Understandably, he preferred in general to keep a low profile, to watch rather than actually join in games whenever they could be avoided. Nor was he very noticeable academically, remaining safely neither top nor bottom of his class—his best subject being geography. Here too he tended to be solitary, more given to observation than participation, and pursuing his own slightly eccentric private interests whenever he could. He became fascinated, for example, by the London omnibus system, collected maps and timetables, and eventually realized his ambition of travelling every
yard of the London General Omnibus Company's routes. By the age of sixteen he knew the geography of New York by heart from maps; his favourite reading was railway timetables and Cooks' travel folders, and he prided himself on being able to recite from memory all the stops on the Orient Express.
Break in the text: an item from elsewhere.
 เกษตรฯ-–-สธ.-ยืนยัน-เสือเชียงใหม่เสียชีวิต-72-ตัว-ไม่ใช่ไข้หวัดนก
At this time he did not appear to have any strong artistic interests, though in tune with his particular interest in geography he enjoyed drawing maps, real and imaginary. He invented for himself games with ship routes on maps of the world, marking them out with coloured pins and planning imaginary journeys—always by himself, for he recalls no playmate to share his childish enthusiasms. Indeed, there is no escaping a feeling that there was something curiously desolate about Hitchcock's childhood. It does not seem to have been particularly unhappy, but all his memories are of being alone (though by choice, it seems), separated by age from his brother and sister, curiously distant from his parents because they, for all their evident concern over their youngest child, obviously had difficulty in expressing their emotions, frightened of his teachers, the police, authority figures of all sorts. It is not for nothing that the characteristic subject of his art, often taken to be suspense, is more accurately anxiety. He himself admits, even as an adult, to endless irrational anxieties, such as a terror of getting into trouble with the police so intense that he has scarcely driven a car since his arrival in America and on one occasion had a prolonged anxiety spasm as a result of merely throwing a cigar butt that might not have been totally extinguished out of a car during a drive to northern California. The story of his token incarceration by the police seems to be no joke, and it is difficult not to see the origin of much in the mature man's character—deviousness, shyness, impassivity, insistence on total control of his environment and all possible circumstances of his existence, personal and professional—as lying somewhere in the plump, secretive, watchful child, convinced that if he stepped out of line in any way, if he revealed anything of what he thought and felt, betrayed his emotions to anyone else, THEY (the harsh, rationalistic, disapproving ‘they' of Edward Lear's nonsense poems) would somehow come and get him. As Norman Bates says at the end of
Psycho
, ‘I want just to sit here and be quiet just in case they suspect me. They are probably watching me—well, let them. Let them see what kind of person I am—not even going to swat that fly.'

And as Hitchcock moved into his teens things hardly seem to have
changed very much. There are no records of friends at school. Cardinal Heenan says he was in the same class at St. Ignatius, but Hitchcock cannot recall him; Hugh Gray, eventual translator of André Bazin's cinema essays, was also in the same class. Hitchcock seems to have been abnormally sensitive and retiring, and describes himself as a ‘particularly unattractive youth'. Girls too figured not at all in his life: when he met his wife-to-be in his early twenties he had never been out with a girl other than his sister, and it is probably not stretching fantasy too far to guess at the first hint of how he latterly delighted to treat the cool, remote-seeming blond heroines of his films in the resentful dreams of a plain, pudgy fourteen-year-old watching some evidently unattainable blond girl near home or school and thinking, ‘If only I had her in my power, just for a few moments …'

Whether this is true or not, being away from home at a very strict boarding school, he did not see so much of his parents or have much chance to spread himself on his own interests out of school hours. Two maiden cousins, Mary and Teresa, seem to have taken a particular interest in the boy, and encouraged him to strike out on his own: at least there never seems to have been any idea of his going into the family business. In 1914 his father died. He was called from school and told the news by his brother, who took over the business; he then went over to his sister's and remembers her greeting him by saying almost aggressively to him, ‘Your father's dead, you know,' giving him a surreal sense of dissociation. Shortly afterwards, at the age of fourteen, he left school; he was asked what he wanted to do and answered, for want of anything better to say, that he was interested in engineering. On the strength of this he was put to study at the School of Engineering and Navigation, where engineering drawing, drafting, and making working drawings of machines like the globe valve were an important part of the curriculum: draughtsmanship certainly, but nothing in the slightest artistic.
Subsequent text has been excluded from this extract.